O dono de um estacionamento assume a condição de “depositário”, ao aceitar acolher e guardar o veículo de um consumidor por determinado tempo, e por quantia monetária; devendo por ele zelar com se seu fosse. Nessa linha entende a doutrinadora civilista Maria Helena Diniz:

“O depositário terá responsabilidade pela guarda da coisa que lhe foi confiada, sendo-lhe permitido invocar a ajuda de auxiliares, mas ficará por eles responsável, pela perda ou deterioração do objeto depositado, se contribuiu dolosa ou culposamente para que isto acontecesse, pois tem a obrigação de ter na custódia da coisa que está em seu poder o cuidado e diligência que costuma ter com o que lhe pertence, obrigado a garantir a incolumidade da coisa, devendo abster-se de atos que sejam prejudiciais ao bem depositado”.

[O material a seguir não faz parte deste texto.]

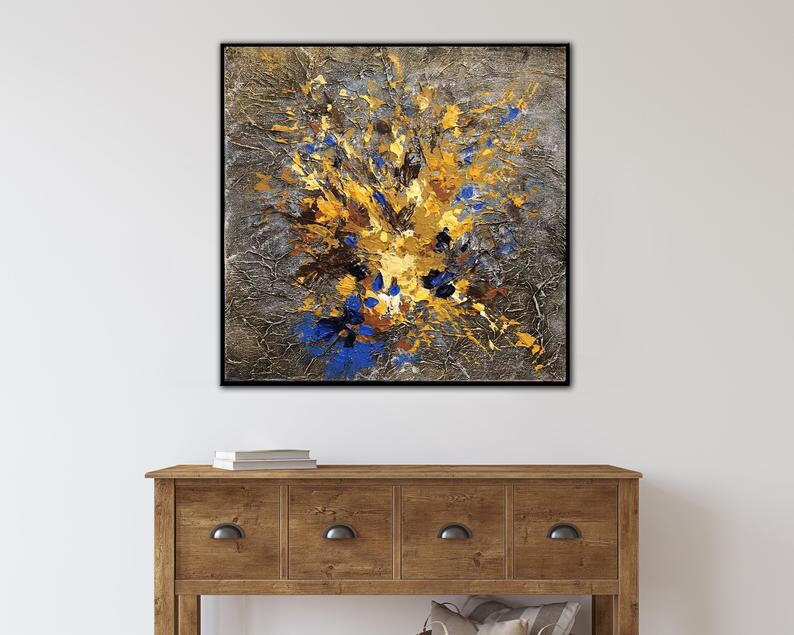 Tekstureret abstrakt blomstermaleri guldblå moderne vægkunst original akrylkunst overdimensioneret lærred håndlavet buketdekor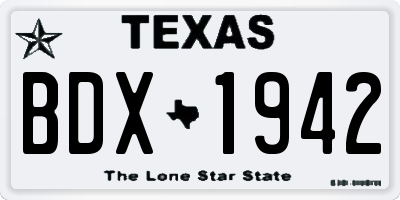TX license plate BDX1942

Como a relação entre indivíduo-estacionamento é de consumo, rege-se pelo Código de Defesa do Consumidor, especialmente pelo art. 14, visto tratar-se de prestação de serviços. Esse dispositivo legal, prevê a responsabilização do fornecedor independentemente da existência de culpa, isto é, uma responsabilização objetiva.

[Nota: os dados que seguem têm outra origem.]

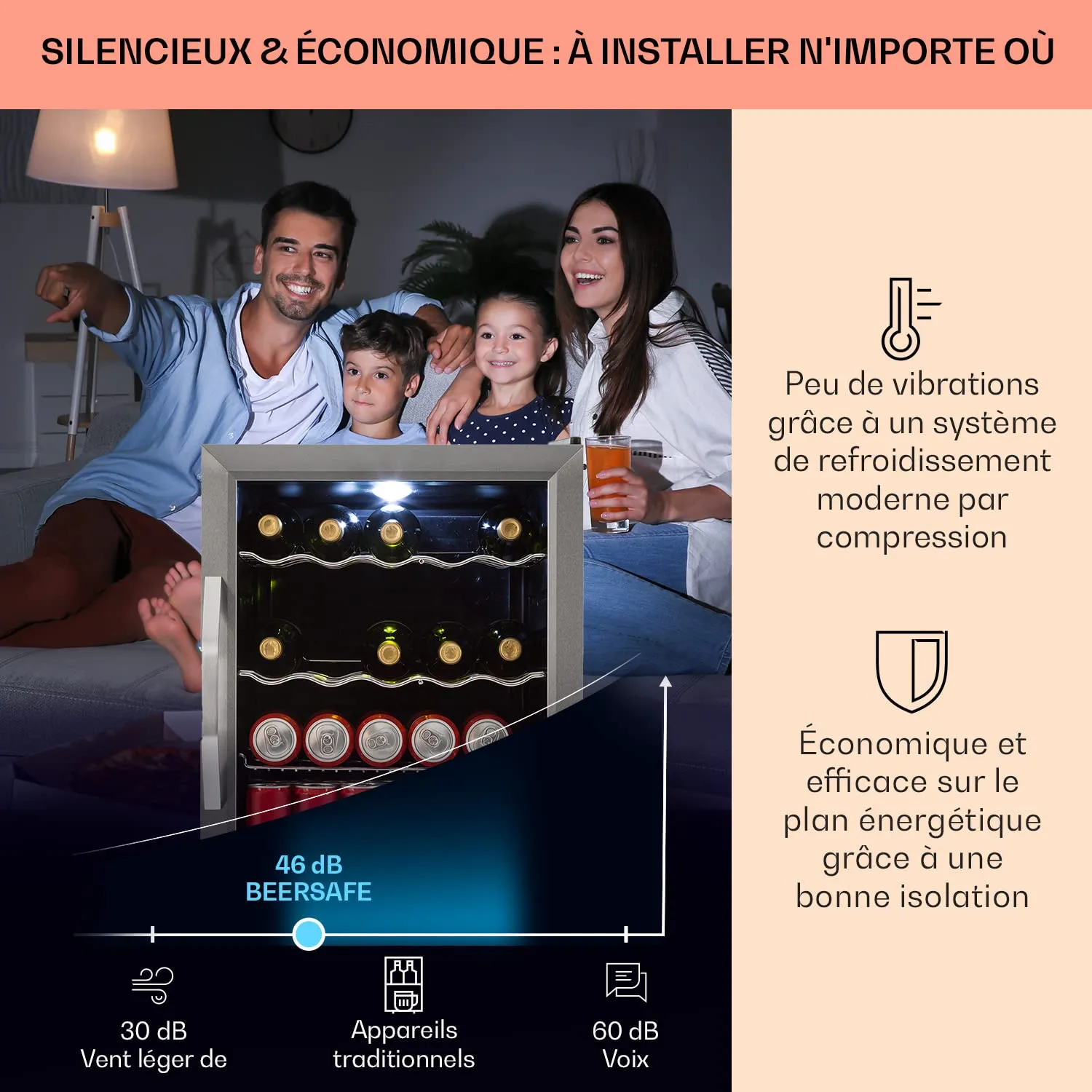 Klarstein mini frigo chambre 60 L porte vitrée inox silencieux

Art. 14. O fornecedor de serviços responde, independentemente da existência de culpa, pela reparação dos danos causados aos consumidores por defeitos relativos à prestação dos serviços, bem como por informações insuficientes ou inadequadas sobre sua fruição e riscos.

§ 1º O serviço é defeituoso quando não fornece a segurança que o consumidor dele pode esperar, levando-se em consideração as circunstâncias relevantes, entre as quais:

I - o modo de seu fornecimento;

II - o resultado e os riscos que razoavelmente dele se esperam;

III - a época em que foi fornecido.

No entanto, o mesmo artigo também dispõe de hipóteses em que o fornecedor não será responsabilizado: se provar que mesmo feito o serviço, o defeito não existe, ou se houver culpa exclusiva do consumidor ou de terceiros.

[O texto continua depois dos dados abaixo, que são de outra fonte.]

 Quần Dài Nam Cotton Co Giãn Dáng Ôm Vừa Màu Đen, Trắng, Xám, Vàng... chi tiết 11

§ 3º O fornecedor de serviços só não será responsabilizado quando provar:

I - que, tendo prestado o serviço, o defeito inexiste;

II - a culpa exclusiva do consumidor ou de terceiro.

Ademais, por ser relação de consumo, cabe ao estacionamento o chamado “risco do empreendimento”, no qual assume o dever de guarda, vigilância e depósito sobre os automóveis e os bens nele contidos. Em eventual demanda judicial, a empresa deve ter meios para comprovar sua isenção de responsabilidade, como imagens de câmeras de segurança, cópia dos “ticktes” de estacionamento, horários de entrada e saída do consumidor, etc.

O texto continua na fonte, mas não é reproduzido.